Understanding 5.5 deleting duplicates in sorted array (python)?


#1

I don’t quite get the general idea behind the code, why the array gets one short element in the end just from updating. How does the extra space get removed?

My understanding is that overall we have 2 “pointers” moving in the array, i and write_index. So write_index progresses together with i, and when there’s a duplicate found, write_index will stay behind and “hold” the duplicate. The index i will move forward and find a non duplicate, in which case the if statement will activate once more and update the duplicated element where write_index is, into to the non-duplicate. Is this correct?

But at the end of it, where does the deleting of the element come from? The solution works very well however, so I’m confused.

def delete_duplicates(A):
    if not A:
        return 0

    write_index = 1
    for i in range(1, len(A)):
        if A[write_index - 1] != A[i]:
            A[write_index] = A[i]
            write_index += 1
    return write_index

#2

What do you mean by “the array gets one short element in the end just from updating”, and by “How does the extra space get removed?”?

Is the code in your post yours, or from the book?

Please give an example using an array of numbers, showing both correct and incorrect behavior.


#3

Hey, @smalldata99!

It took me a while to understand this solution too and in case you’re still trying to understand what’s going on, here’s how I see it:

think of write_index as an “available spot” and also keep in mind that both i and write_index are positions (indexes) and not the actual value from the array.
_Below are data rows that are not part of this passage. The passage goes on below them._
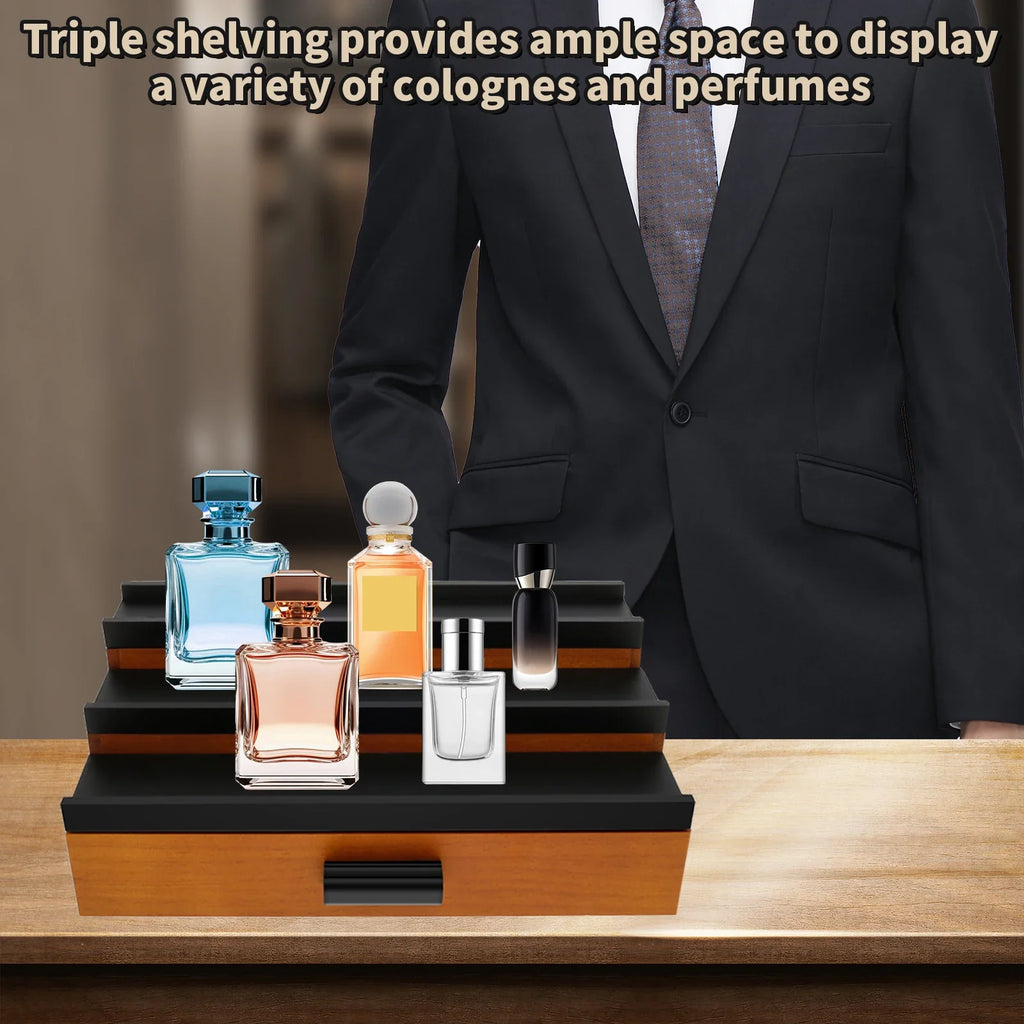 3-Tier Wood Cologne & Perfume Organizer Stand with Drawer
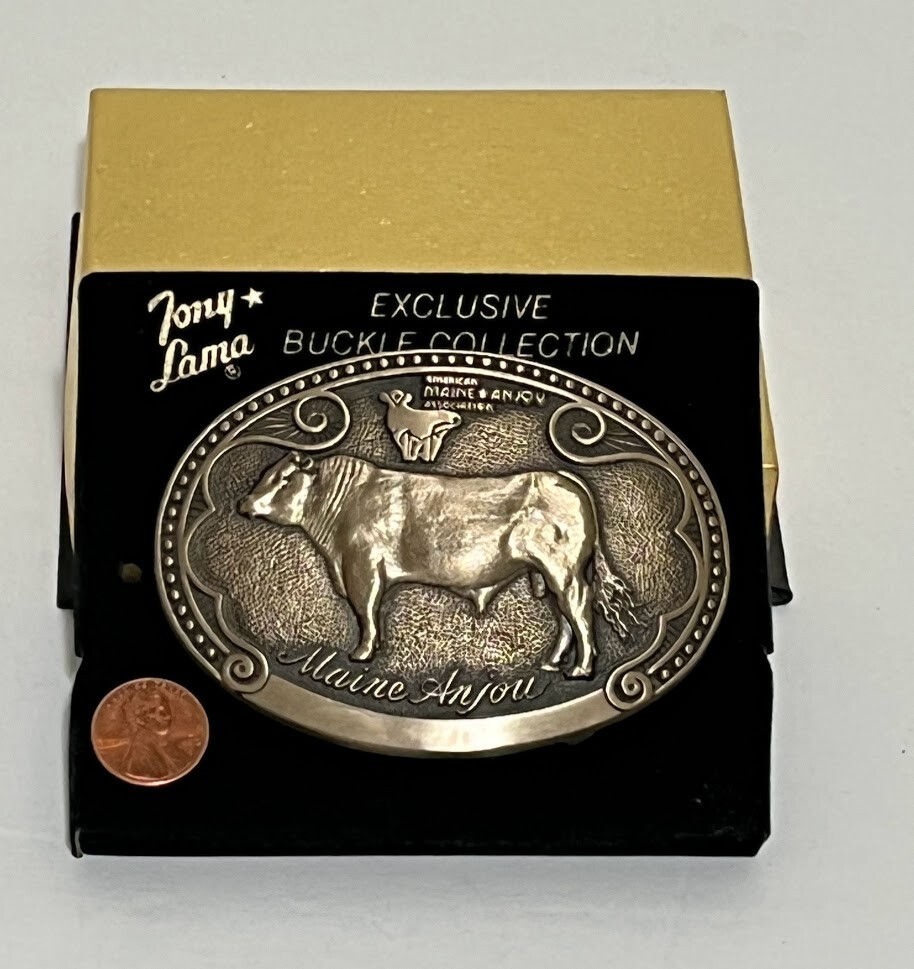 Tony Lama Brass Belt Buckle Maine Anjou Cattle Breed Series 1st Edition NOS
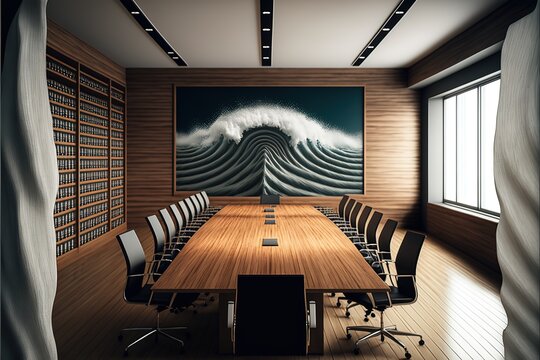 Boardroom Interior With Wave Pattern Wall, Wooden Floor, Long Table With Chairs And Rows Of Shelves With Folders In Them. Front View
So, you are correct: i and write_index are pointers moving in the array and they have the same value until you encounter a duplicate item. When the first duplicate item is found, the if block will not be executed and the value of write_index will not increase. write_index doesn’t hold the duplicate value but the index of the position of the duplicate value in the array, what I’m calling “available spot”. This will result in the “available spot” being reserved for the next unique value found in the array, in other words, for the next value that enters the if block.

One thing that helped me a lot was to put lots of print statements showing what value each variable had and the status of the array at each iteration.

I hope this helps clarify.


#4

:smile: Thanks! I actually asked those questions so I could help you. Glad you figured it out.